--- MATERIAL FOR THIS EXERCISE Enclosed Below ---

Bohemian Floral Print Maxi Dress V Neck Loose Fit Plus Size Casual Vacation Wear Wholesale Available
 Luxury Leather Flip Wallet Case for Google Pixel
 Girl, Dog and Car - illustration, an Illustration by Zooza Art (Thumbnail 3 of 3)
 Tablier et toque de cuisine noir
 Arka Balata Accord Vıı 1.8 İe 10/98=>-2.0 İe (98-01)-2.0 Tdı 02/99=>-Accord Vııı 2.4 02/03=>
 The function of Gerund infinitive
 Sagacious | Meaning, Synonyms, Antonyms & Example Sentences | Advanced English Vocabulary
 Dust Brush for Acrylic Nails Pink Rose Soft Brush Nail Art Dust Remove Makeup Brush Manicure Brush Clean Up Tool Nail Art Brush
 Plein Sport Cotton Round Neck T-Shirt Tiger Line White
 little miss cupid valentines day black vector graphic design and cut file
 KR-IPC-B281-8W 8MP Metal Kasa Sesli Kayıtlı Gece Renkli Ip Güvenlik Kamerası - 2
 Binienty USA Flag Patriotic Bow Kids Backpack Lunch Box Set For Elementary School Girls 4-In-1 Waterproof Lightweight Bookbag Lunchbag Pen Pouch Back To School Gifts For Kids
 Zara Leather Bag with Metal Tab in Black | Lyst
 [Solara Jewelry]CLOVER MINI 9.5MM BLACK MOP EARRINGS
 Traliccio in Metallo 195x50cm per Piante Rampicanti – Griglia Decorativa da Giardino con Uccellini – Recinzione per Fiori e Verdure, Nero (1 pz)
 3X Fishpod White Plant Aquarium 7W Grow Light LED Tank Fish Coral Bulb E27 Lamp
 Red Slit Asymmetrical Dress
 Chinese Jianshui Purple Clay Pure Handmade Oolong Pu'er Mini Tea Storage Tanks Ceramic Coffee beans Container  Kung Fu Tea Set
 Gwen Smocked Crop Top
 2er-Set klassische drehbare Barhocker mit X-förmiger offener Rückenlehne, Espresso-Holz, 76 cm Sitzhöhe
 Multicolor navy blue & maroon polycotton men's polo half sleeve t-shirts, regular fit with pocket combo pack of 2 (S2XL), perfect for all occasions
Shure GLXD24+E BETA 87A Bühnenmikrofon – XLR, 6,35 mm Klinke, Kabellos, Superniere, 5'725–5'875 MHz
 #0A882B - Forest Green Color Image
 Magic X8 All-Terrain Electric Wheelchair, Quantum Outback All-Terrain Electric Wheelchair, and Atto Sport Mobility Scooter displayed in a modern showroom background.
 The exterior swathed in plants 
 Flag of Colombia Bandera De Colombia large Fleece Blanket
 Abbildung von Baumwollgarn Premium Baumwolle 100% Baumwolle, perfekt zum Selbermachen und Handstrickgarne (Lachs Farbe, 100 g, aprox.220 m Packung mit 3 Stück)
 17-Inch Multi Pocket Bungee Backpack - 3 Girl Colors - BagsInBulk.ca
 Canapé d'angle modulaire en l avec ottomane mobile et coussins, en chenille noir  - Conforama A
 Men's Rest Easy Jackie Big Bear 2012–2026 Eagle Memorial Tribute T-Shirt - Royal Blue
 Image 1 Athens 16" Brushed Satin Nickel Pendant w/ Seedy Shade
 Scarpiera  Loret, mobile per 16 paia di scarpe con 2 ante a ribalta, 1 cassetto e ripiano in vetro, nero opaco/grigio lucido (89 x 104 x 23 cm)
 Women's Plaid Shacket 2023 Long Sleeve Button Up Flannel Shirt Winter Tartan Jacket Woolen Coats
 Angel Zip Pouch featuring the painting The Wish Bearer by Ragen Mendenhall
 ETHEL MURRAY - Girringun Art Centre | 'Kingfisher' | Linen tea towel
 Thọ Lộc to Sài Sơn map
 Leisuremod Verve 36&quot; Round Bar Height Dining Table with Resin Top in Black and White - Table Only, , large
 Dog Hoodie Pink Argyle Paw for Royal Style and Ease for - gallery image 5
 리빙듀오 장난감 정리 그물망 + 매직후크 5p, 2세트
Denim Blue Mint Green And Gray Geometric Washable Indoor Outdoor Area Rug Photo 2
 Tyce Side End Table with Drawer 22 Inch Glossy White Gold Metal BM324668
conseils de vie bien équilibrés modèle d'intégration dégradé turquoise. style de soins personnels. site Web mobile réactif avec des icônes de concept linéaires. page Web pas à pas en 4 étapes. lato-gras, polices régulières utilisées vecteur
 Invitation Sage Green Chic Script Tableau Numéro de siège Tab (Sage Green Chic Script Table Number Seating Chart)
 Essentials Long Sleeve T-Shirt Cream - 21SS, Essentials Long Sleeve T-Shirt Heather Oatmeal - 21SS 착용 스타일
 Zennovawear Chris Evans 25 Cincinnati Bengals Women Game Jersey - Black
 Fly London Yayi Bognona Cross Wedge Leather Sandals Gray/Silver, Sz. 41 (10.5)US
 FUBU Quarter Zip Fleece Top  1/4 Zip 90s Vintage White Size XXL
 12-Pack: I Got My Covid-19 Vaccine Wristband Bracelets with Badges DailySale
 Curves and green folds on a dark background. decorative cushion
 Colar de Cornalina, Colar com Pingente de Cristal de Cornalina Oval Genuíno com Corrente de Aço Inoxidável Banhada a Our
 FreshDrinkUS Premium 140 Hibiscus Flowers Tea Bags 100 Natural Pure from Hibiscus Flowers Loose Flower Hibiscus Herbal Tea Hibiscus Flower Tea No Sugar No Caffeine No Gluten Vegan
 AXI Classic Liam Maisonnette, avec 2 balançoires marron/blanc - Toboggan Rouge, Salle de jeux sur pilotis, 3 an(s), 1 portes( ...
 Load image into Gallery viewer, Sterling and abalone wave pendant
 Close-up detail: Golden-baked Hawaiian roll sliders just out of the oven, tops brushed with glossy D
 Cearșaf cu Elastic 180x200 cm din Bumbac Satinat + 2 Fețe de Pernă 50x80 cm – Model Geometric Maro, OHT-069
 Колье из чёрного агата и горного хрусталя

--- End of Enclosed MATERIAL FOR THIS EXERCISE ---

(PROMPT) Copy down the complete data exactly as supplied.

(ANSWER TO THIS EXERCISE)
Bohemian Floral Print Maxi Dress V Neck Loose Fit Plus Size Casual Vacation Wear Wholesale Available
 Luxury Leather Flip Wallet Case for Google Pixel
 Girl, Dog and Car - illustration, an Illustration by Zooza Art (Thumbnail 3 of 3)
 Tablier et toque de cuisine noir
 Arka Balata Accord Vıı 1.8 İe 10/98=>-2.0 İe (98-01)-2.0 Tdı 02/99=>-Accord Vııı 2.4 02/03=>
 The function of Gerund infinitive
 Sagacious | Meaning, Synonyms, Antonyms & Example Sentences | Advanced English Vocabulary
 Dust Brush for Acrylic Nails Pink Rose Soft Brush Nail Art Dust Remove Makeup Brush Manicure Brush Clean Up Tool Nail Art Brush
 Plein Sport Cotton Round Neck T-Shirt Tiger Line White
 little miss cupid valentines day black vector graphic design and cut file
 KR-IPC-B281-8W 8MP Metal Kasa Sesli Kayıtlı Gece Renkli Ip Güvenlik Kamerası - 2
 Binienty USA Flag Patriotic Bow Kids Backpack Lunch Box Set For Elementary School Girls 4-In-1 Waterproof Lightweight Bookbag Lunchbag Pen Pouch Back To School Gifts For Kids
 Zara Leather Bag with Metal Tab in Black | Lyst
 [Solara Jewelry]CLOVER MINI 9.5MM BLACK MOP EARRINGS
 Traliccio in Metallo 195x50cm per Piante Rampicanti – Griglia Decorativa da Giardino con Uccellini – Recinzione per Fiori e Verdure, Nero (1 pz)
 3X Fishpod White Plant Aquarium 7W Grow Light LED Tank Fish Coral Bulb E27 Lamp
 Red Slit Asymmetrical Dress
 Chinese Jianshui Purple Clay Pure Handmade Oolong Pu'er Mini Tea Storage Tanks Ceramic Coffee beans Container  Kung Fu Tea Set
 Gwen Smocked Crop Top
 2er-Set klassische drehbare Barhocker mit X-förmiger offener Rückenlehne, Espresso-Holz, 76 cm Sitzhöhe
 Multicolor navy blue & maroon polycotton men's polo half sleeve t-shirts, regular fit with pocket combo pack of 2 (S2XL), perfect for all occasions
Shure GLXD24+E BETA 87A Bühnenmikrofon – XLR, 6,35 mm Klinke, Kabellos, Superniere, 5'725–5'875 MHz
 #0A882B - Forest Green Color Image
 Magic X8 All-Terrain Electric Wheelchair, Quantum Outback All-Terrain Electric Wheelchair, and Atto Sport Mobility Scooter displayed in a modern showroom background.
 The exterior swathed in plants 
 Flag of Colombia Bandera De Colombia large Fleece Blanket
 Abbildung von Baumwollgarn Premium Baumwolle 100% Baumwolle, perfekt zum Selbermachen und Handstrickgarne (Lachs Farbe, 100 g, aprox.220 m Packung mit 3 Stück)
 17-Inch Multi Pocket Bungee Backpack - 3 Girl Colors - BagsInBulk.ca
 Canapé d'angle modulaire en l avec ottomane mobile et coussins, en chenille noir  - Conforama A
 Men's Rest Easy Jackie Big Bear 2012–2026 Eagle Memorial Tribute T-Shirt - Royal Blue
 Image 1 Athens 16" Brushed Satin Nickel Pendant w/ Seedy Shade
 Scarpiera  Loret, mobile per 16 paia di scarpe con 2 ante a ribalta, 1 cassetto e ripiano in vetro, nero opaco/grigio lucido (89 x 104 x 23 cm)
 Women's Plaid Shacket 2023 Long Sleeve Button Up Flannel Shirt Winter Tartan Jacket Woolen Coats
 Angel Zip Pouch featuring the painting The Wish Bearer by Ragen Mendenhall
 ETHEL MURRAY - Girringun Art Centre | 'Kingfisher' | Linen tea towel
 Thọ Lộc to Sài Sơn map
 Leisuremod Verve 36&quot; Round Bar Height Dining Table with Resin Top in Black and White - Table Only, , large
 Dog Hoodie Pink Argyle Paw for Royal Style and Ease for - gallery image 5
 리빙듀오 장난감 정리 그물망 + 매직후크 5p, 2세트
Denim Blue Mint Green And Gray Geometric Washable Indoor Outdoor Area Rug Photo 2
 Tyce Side End Table with Drawer 22 Inch Glossy White Gold Metal BM324668
conseils de vie bien équilibrés modèle d'intégration dégradé turquoise. style de soins personnels. site Web mobile réactif avec des icônes de concept linéaires. page Web pas à pas en 4 étapes. lato-gras, polices régulières utilisées vecteur
 Invitation Sage Green Chic Script Tableau Numéro de siège Tab (Sage Green Chic Script Table Number Seating Chart)
 Essentials Long Sleeve T-Shirt Cream - 21SS, Essentials Long Sleeve T-Shirt Heather Oatmeal - 21SS 착용 스타일
 Zennovawear Chris Evans 25 Cincinnati Bengals Women Game Jersey - Black
 Fly London Yayi Bognona Cross Wedge Leather Sandals Gray/Silver, Sz. 41 (10.5)US
 FUBU Quarter Zip Fleece Top  1/4 Zip 90s Vintage White Size XXL
 12-Pack: I Got My Covid-19 Vaccine Wristband Bracelets with Badges DailySale
 Curves and green folds on a dark background. decorative cushion
 Colar de Cornalina, Colar com Pingente de Cristal de Cornalina Oval Genuíno com Corrente de Aço Inoxidável Banhada a Our
 FreshDrinkUS Premium 140 Hibiscus Flowers Tea Bags 100 Natural Pure from Hibiscus Flowers Loose Flower Hibiscus Herbal Tea Hibiscus Flower Tea No Sugar No Caffeine No Gluten Vegan
 AXI Classic Liam Maisonnette, avec 2 balançoires marron/blanc - Toboggan Rouge, Salle de jeux sur pilotis, 3 an(s), 1 portes( ...
 Load image into Gallery viewer, Sterling and abalone wave pendant
 Close-up detail: Golden-baked Hawaiian roll sliders just out of the oven, tops brushed with glossy D
 Cearșaf cu Elastic 180x200 cm din Bumbac Satinat + 2 Fețe de Pernă 50x80 cm – Model Geometric Maro, OHT-069
 Колье из чёрного агата и горного хрусталя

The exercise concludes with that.